By Dave Douglas
Photos by Peter Tang
At the TD Irie Music Festival third-annual concert at Celebration Square, Mississauga, more than 6,000 came out in support of all their favorite artists and performers on closing day.
Some were there for the music, while others simply to enjoy the excellent food provided by the various vendor booths. Many more were there just to embrace the great sunshine and the ambience.
Now for the foodies, we’re talking: seafood, curry dishes, boiled corn, gyros, jerk chicken, pelau and more. Yuh belly full now? I guess not. More like … getting hungry and it’s now Showtime!
On the count of four, the band began to play. Rudder came onstage dressed in a black and white tailored shirt and black pants and opened the set with his 1989 hit Song for a Lonely Soul and immediately the audience began to move forward, dancing and joining in a nostalgic sing-a-long to the familiar tune, “Soca music … take me … take me … take me back to my island.”

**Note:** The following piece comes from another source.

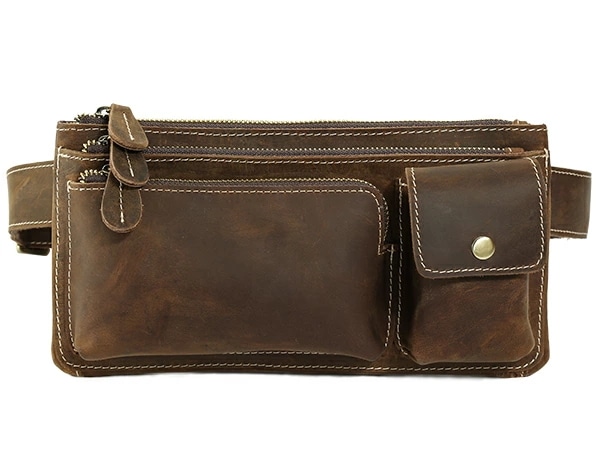 ラストチャンスアンティーク 本革 メンズ ウエストバッグ ヒップバッグ 厚手牛革 プルアップレザー 2WAY スマホ 長財布対応 ブラウン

The eight-piece band led by keyboardist/Musical Director Jeremy Ledbetter was tight as usual – well-rehearsed! Guitarist Esteban Carvallo delivered some beautiful riffs and blues licks. The three-piece horn section – Jan Morgan, trumpet, Skel Redhead, saxophone and Terry Woode, trombone, was on fire.
Within minutes, they were laying down the groove like nobody’s business. The band’s horn-driven sound is unique and powerful, and the horn players have gained notoriety as a separate entity.

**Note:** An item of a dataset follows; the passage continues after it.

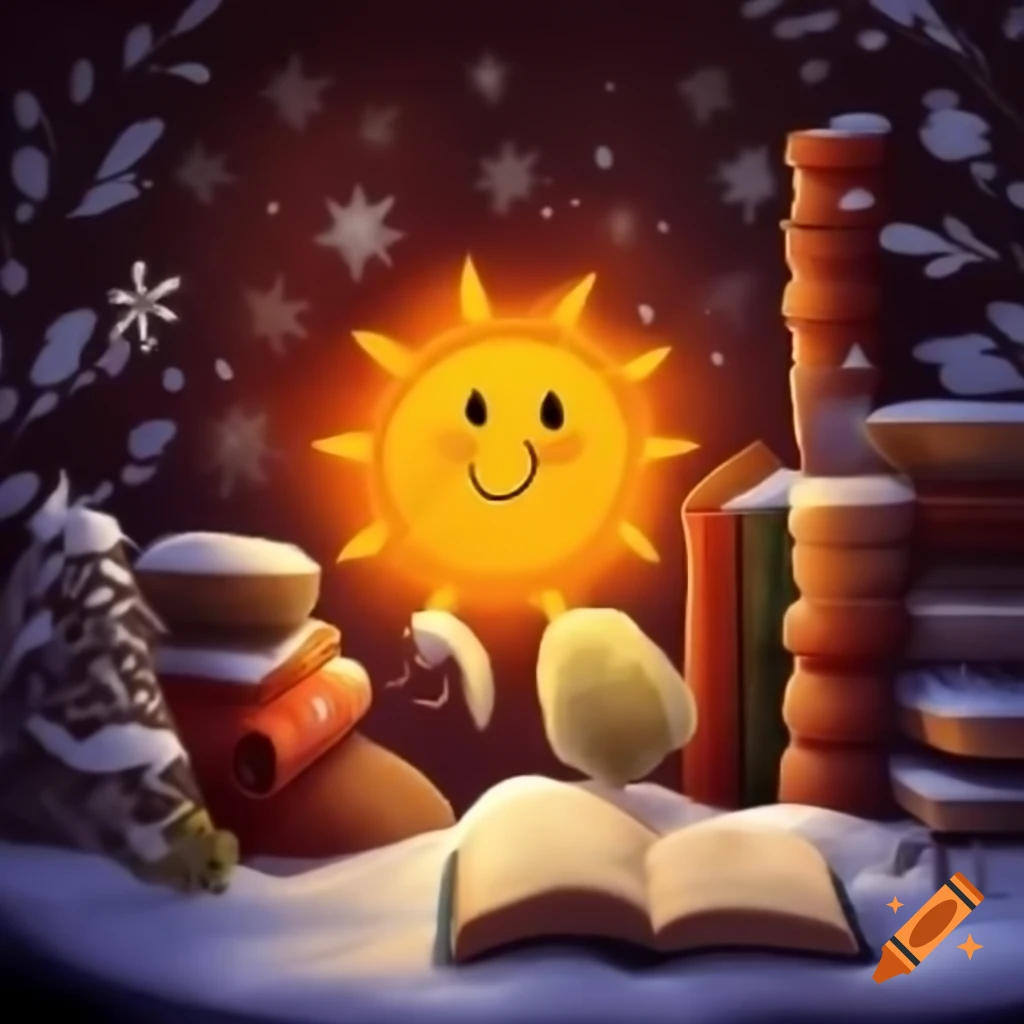 Whimsical Christmas scene with snowflakes and sunlit books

Before the start of the second piece, Rudder paused and said, “Your chairs are your enemy!” prompting everyone to get ready and get off their behinds.
After a bit of anecdotal interaction reminding them of the coming winter in Toronto, he further stated, “Before the evening is over, you shall defy your chairs.” Then the drums started, the rhythm section joined in and Rudder began an improvised vocal of his famous scatting style for a couple of bars. The audience then took a queue from the king and began to chant to the hit Bahia Girl.
With smiling faces, hands waving and bodies gyrating in every direction, the fans joyously responded to song, after song, after song from The Hammer, Dust In Your Face, This is Not a Fete and High Mass.
In the end, Phil Vassell, co-producer of TD Irie Music Fest, came onstage and prompted the crowd to make some noise if they wanted to hear more. A loud roar filled the air, followed by chants of David! David!
Rudder returned to the stage for an encore, this time slowing down the tempo with Rally around the West Indies, ending a superb performance and a wonderful evening.
A taste of the very best in Calypso music from the King himself, David Rudder.